One of our clients did an assessment of the health of their strategic suppliers using Enlighta’s supplier assessment capability. What they found was interesting – multiple divisions using the very same supplier had a very significant difference in satisfaction and outcome.
My own takeaway is that relationships don’t just auto-magically become great (if they do in some cases, good for them!). There are specific steps, methods, approaches, training and tools that need to be used to make it possible to have a great relationship.
O: Governance is such a big issue – and yet in many agreements it doesn’t receive the attention it should. Why do you think this is, and what tend to be the ramifications?
NS: Procurement and contract managers don’t “govern” the relationship, and as a result the items that dominate the pre-contract stages are pricing, legal clauses and risk mitigation with only cursory thought into how to get the most value from the relationship for the desired business outcome.
In the post-contract world, most executives have a mindset of “if it ain’t a problem yet, what is there to fix?” - suppliers seem to be doing their work and how effective governance can make a difference in realised value is not clearly defined.
There are two issues I have with that logic: a, the problem may be very costly to fix when it does occur – not in just terms of contract value – in terms of the product that did not get delivered, in terms of customer service that was impacted, reputation in the market, etc; and b, just because there is no problem does not mean you are getting the optimum business value from your supplier relationships.
With the increased auditor scrutiny in supplier relationships, the high-profile failures and breaches, and an increase in multisourcing there is bound to be more interest and awareness in training and tools. We are seeing that in the market.
O: One of Enlighta’s solutions covers ITIL service delivery: do you think ITIL is still fit for purpose in the light of the kind of rapid technological advances we’ve spoken about just now?
NS: Our focus is to adapt and leverage the delivery suite for multi-service integration and establish operating level agreements between suppliers as well as end-to-end process level measures.
O: Where do you see potential new Enlighta offerings being focussed in the next few years: what’s the logical next step for you, considering some of the things we’ve been discussing?
NS: There are a few key areas of focus: seamless integration with industry-leading tools in the ecosystem such as contract management systems (Ariba, Oracle); e-signature tools for e-signing (such as DocuSign); delivery tools such as ServiceNow, BMC Remedy; and more.

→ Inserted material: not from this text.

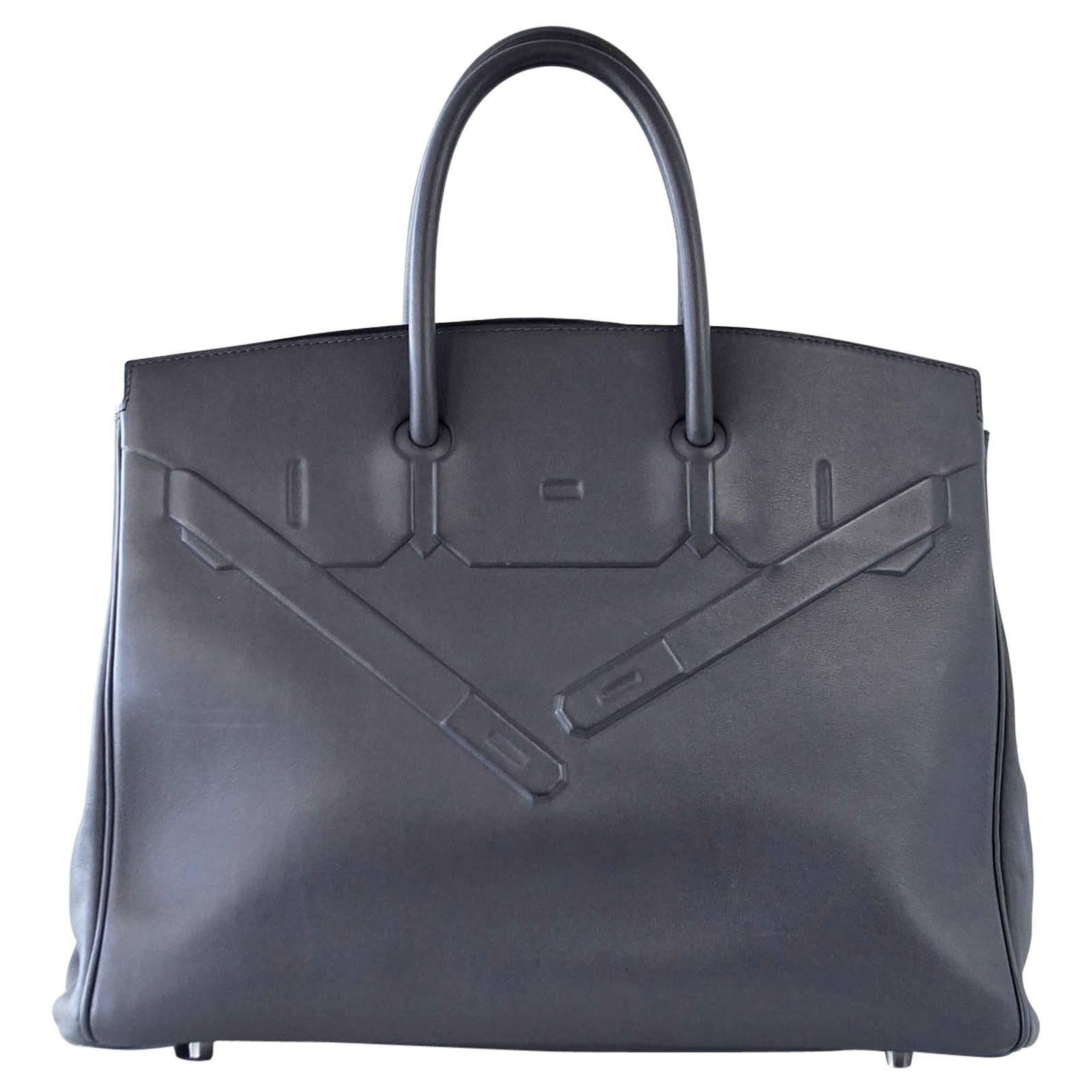 Hermes Shadow Birkin 35 Bag Ardoise Evercalf Leather Limited Edition Rare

We have most of these interfaces though continue to expand the set of products and services we interface with.
In addition to expanding the existing capabilities in supplier governance, we are focussed on supplier and contract risk as well resource management and have offerings in these areas that will be add-on suites to the core supplier governance suite.
O: Finally, something a little more speculative: if you could change any one thing in your industry, what would it be and why?
NS: The use of best-of-breed SaaS governance tools by suppliers should be mandated contractually for every new contract or renewal of contract whether the supplier is for IT services, BPO services, facilities management or telecom services. While this will clearly add value to clients, it also ends up adding a lot of value to suppliers and advisors. No-brainer in my humble opinion as the cost can then be shared by clients and suppliers and no one organisation would end up footing the entire bill.